Она тяжело дышала и оттого, что стояла оперевшись о палку и наклонившись, казалась совсем маленького роста. Смуглый морщинистый лоб покрылся мелкими каплями пота.

— Постоим, — с готовностью согласился он. — Куда нам спешить.

Она явно не расслышала, но переспрашивать не стала, только механически кивнула — должно быть, по выражению лица поняла, что фраза носит риторический характер.

Что-то зашуршало над их головами, пырхнуло. Внук взглянул туда и увидел веселого скворца, залихватски качающегося на тонкой ветви иудина дерева. Взгляд произвел на скворца действие, сравнимое с действием камня или пули, — он шумно взорвался и исчез, оставив после себя только спиральную раковину завихренного воздуха, но и она тут же рассосалась.
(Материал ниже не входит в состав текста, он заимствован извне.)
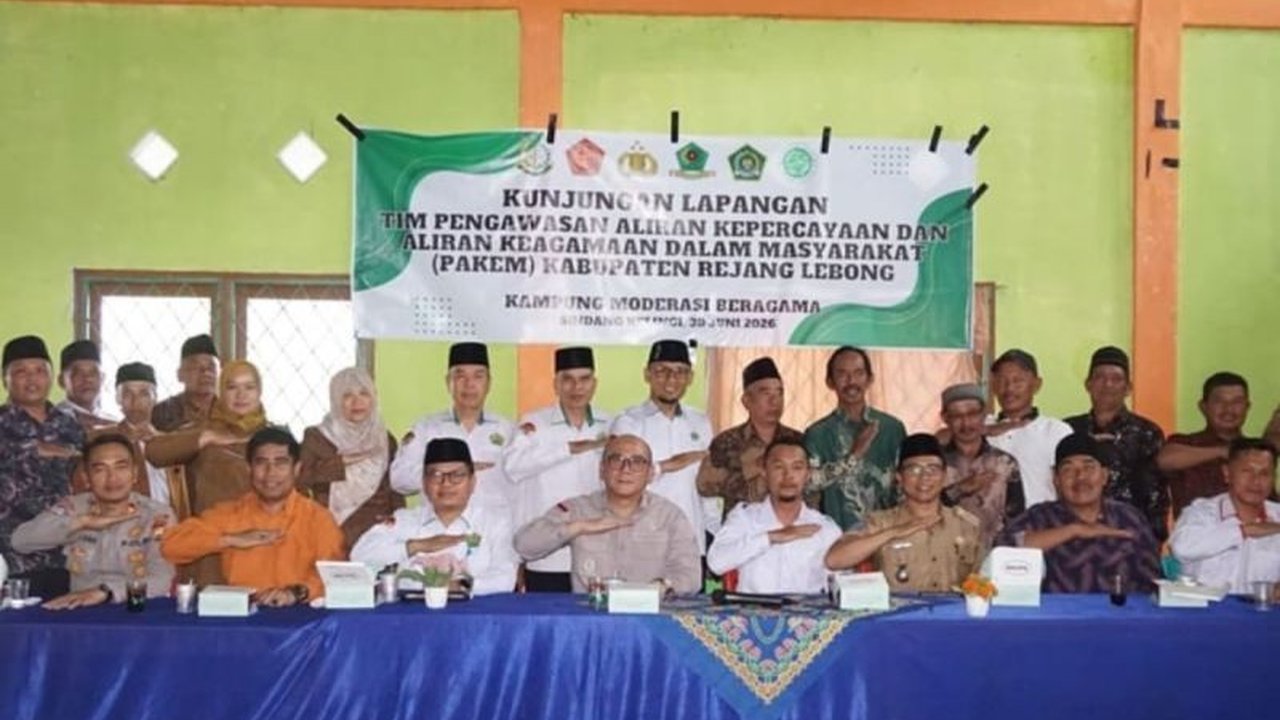 Kantor Kementerian Agama (Kemenag) Rejang Lebong menunjuk dua desa sebagai percontohan Kampung Moderasi Beragama. Inisiatif ini menjadi wujud nyata implementasi nilai toleransi yang terus digalakkan pemerintah, menarik untuk disimak.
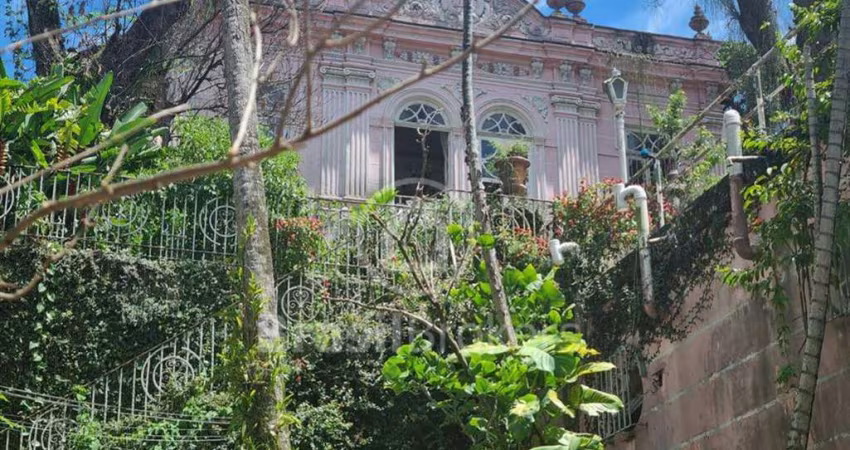 Maravilhoso casarão no coração de santa teresa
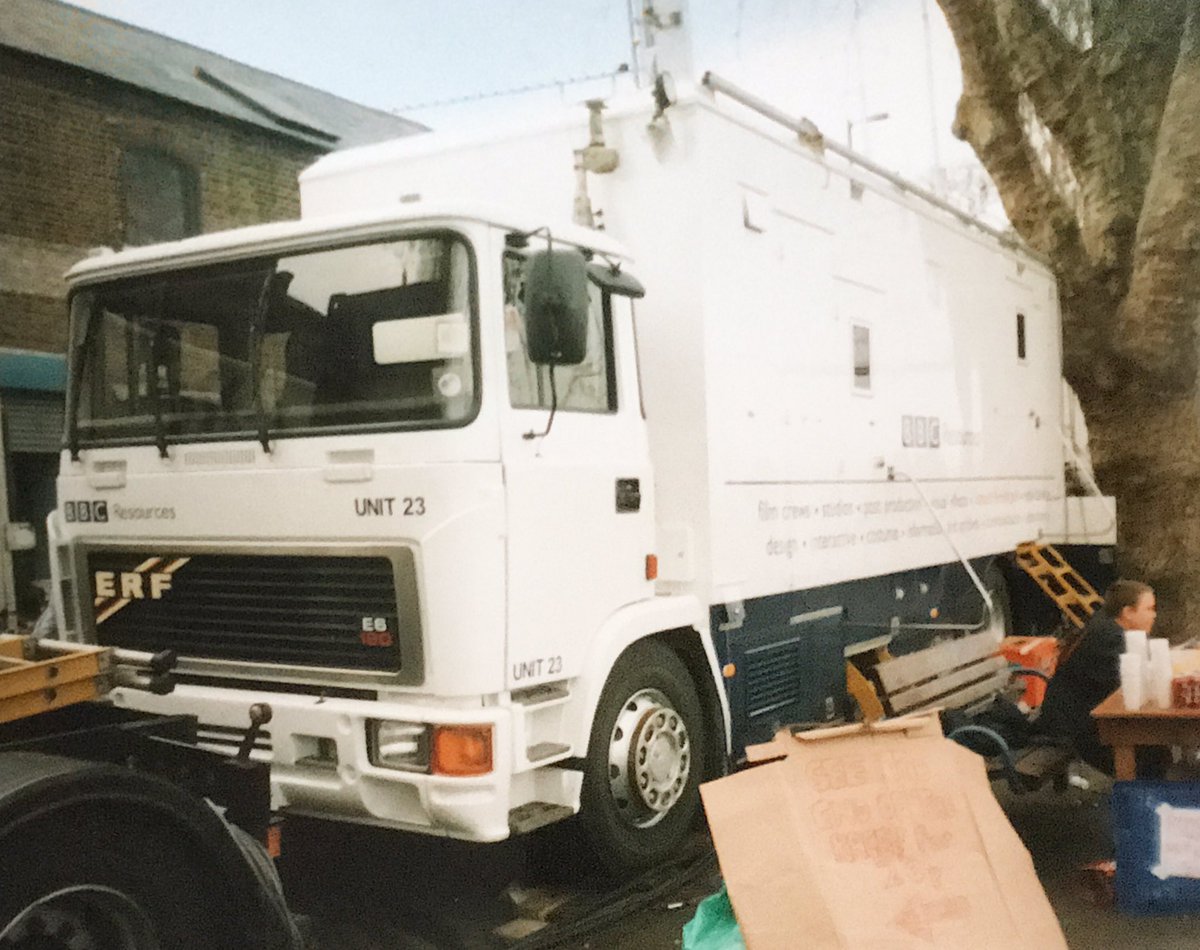 stevechalles's tweet photo. Archive OB pics - 4/6: No University Boat Race from Putney to Mortlake this coming weekend, so a look back at the OB Units on the towpath at Putney and Mortlake Finish over the years; into the 2000’s with #BBCOutsideBroadcasts in the BBC Resources era (again 2 diff years in pics) https://t.co/pMCAjFd0SL
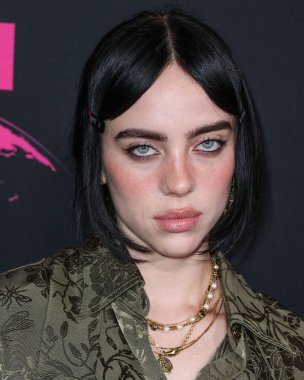 Gucci giyen Amerikalı şarkıcı ve söz yazarı Billie Eilish, 8 Ekim 2022 'de Hollywood, Los Angeles, Kaliforniya, ABD' de Sunset Las Palmas Stüdyoları 'nda düzenlenen 2022 Çevre Medya Derneği Ödülleri Galasına geldi..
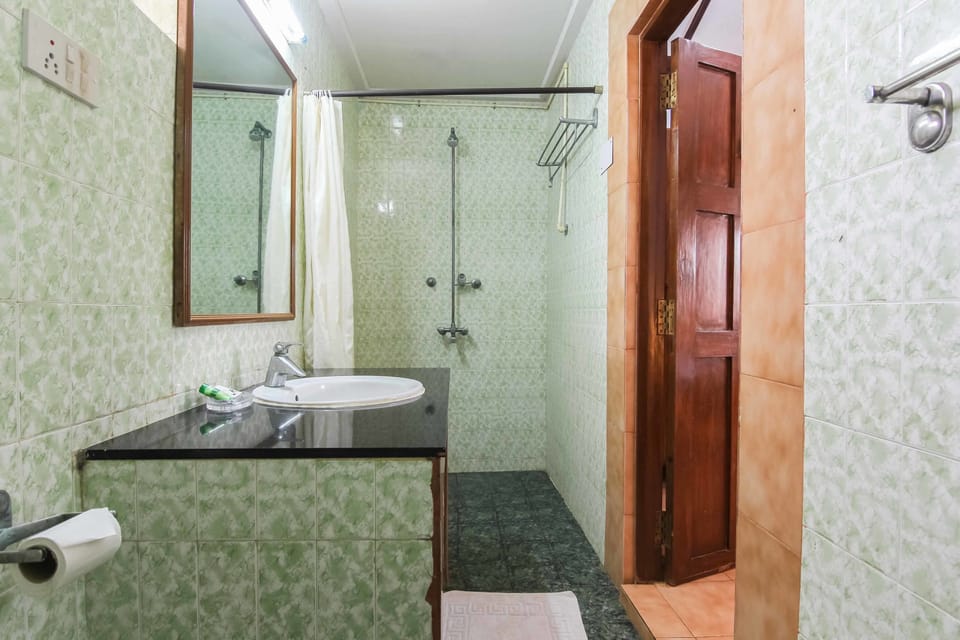 Premium Double or Twin Room | Bathroom shower
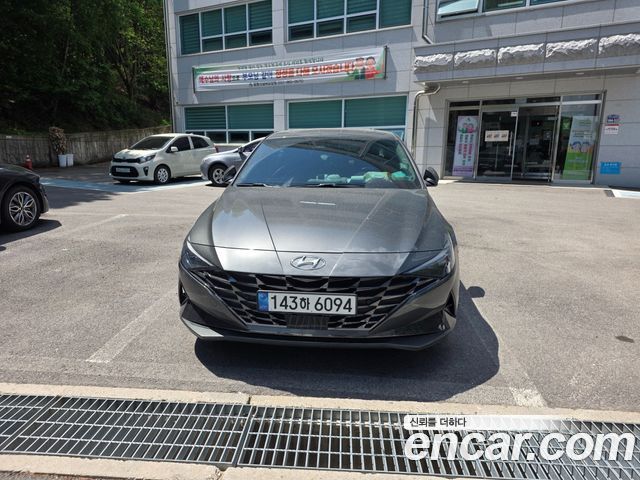 Hyundai AVANTE 1.6 Inspiration — пробег 64 000 км — фото 1 из 5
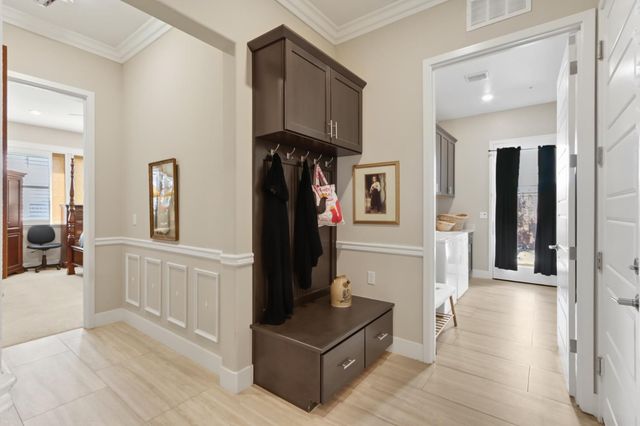 4730 Holliday Ln, El Dorado Hills, CA 95762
— Осторожная птица, — удивленно сказал внук, все еще глядя вверх, и вдруг зажмурился, заморгал и стал тереть глаз кулаком.

— Какая, какая птица? — забеспокоилась она. — Что такое?

— Соринка, — проскрипел он.

Глазу было больно.

— Сорока? — удивилась она. — Их тут отродясь не было.

— Соринка, говорю! — закричал он. — Соринка в глаз!

— Что ты кричишь! — обиделась бабушка. — Я и так все хорошо слышу. Дай сюда!

— Что я тебе могу дать, — буркнул он. — Глаз ведь не вынешь.

— Что? Говори погромче.

— Но я ведь не могу орать на все кладбище! — закричал он, закрыв ладонью один глаз и вытаращив другой. — Мы с тобой всех покойников расшугаем!